Dans le cadre du programme européen eTEN, un projet de label européen pour la protection des données personnelles (privacy seal) bénéficie du soutien financier de la Communauté Européenne. L’objectif du projet porte sur la mise en œuvre d’un label garantissant que des produits ou services informatiques respectent les principes de la réglementation informatique et libertés. Doté d’un budget de 1,2 millions d’euro, ce projet dénommé EuroPriSe (European Privacy Seal) a été lancé en juin 2007 avec une date d’achèvement prévue en décembre 2008. Il est piloté par l’autorité de protection des données du Land allemand du Schleswig-Holstein. Une dizaine de partenaires participent à EuroPriSe, la France étant représentée par la CNIL. On soulignera la dimension résolument marketing de l’approche puisque l’European Privacy Seal a ouvertement vocation à procurer un avantage concurrentiel aux entreprises labellisées.

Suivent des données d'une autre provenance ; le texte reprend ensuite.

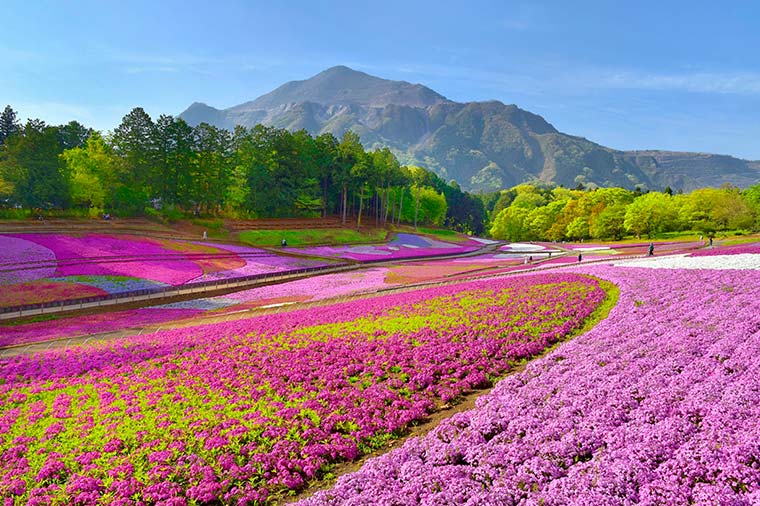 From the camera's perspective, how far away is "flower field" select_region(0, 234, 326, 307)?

Spock, PeekYou, Wink, Pipl, Rapleaf : les nouveaux moteurs de recherche spécialisés sur l’information relative aux personnes (« people search ») commencent à faire parler d’eux. Les nouvelles fonctionnalités recouvrent par exemple la recherche par l’adresse e-mail, l’information sur la réputation d’une personne, la possibilité d’inscrire des proches sans qu’ils soient forcément au courant. Annuaire public nouvelle génération, outils à dompter pour valoriser sa visibilité sur le web ou véritable menace pour la protection de la vie privée ? La question reste ouverte.
Un passe Navigo permettant d’utiliser les transports en commun en Ile-de-France est désormais proposé aux usagers dans une version anonyme moyennant 5 euros. Le STIF (Syndicat des Transports en Ile-de-France) donne ainsi satisfaction à la CNIL qui demandait depuis 2003 un titre de transport permettant de garantir la liberté d’aller et venir anonymement. En cas de perte de la carte, l’utilisateur sera dans l’obligation de payer à nouveau. Le journaliste spécialisé Jean-Marc Manach récuse le terme d’anonymat et préfère parler « d’identité auto administré par le client » qui permet d’être « un tantinet moins fiché ». De toute façon, l’épisode constitue une étape importante avec l’anonymat désormais considéré comme une option commerciale et non comme un droit.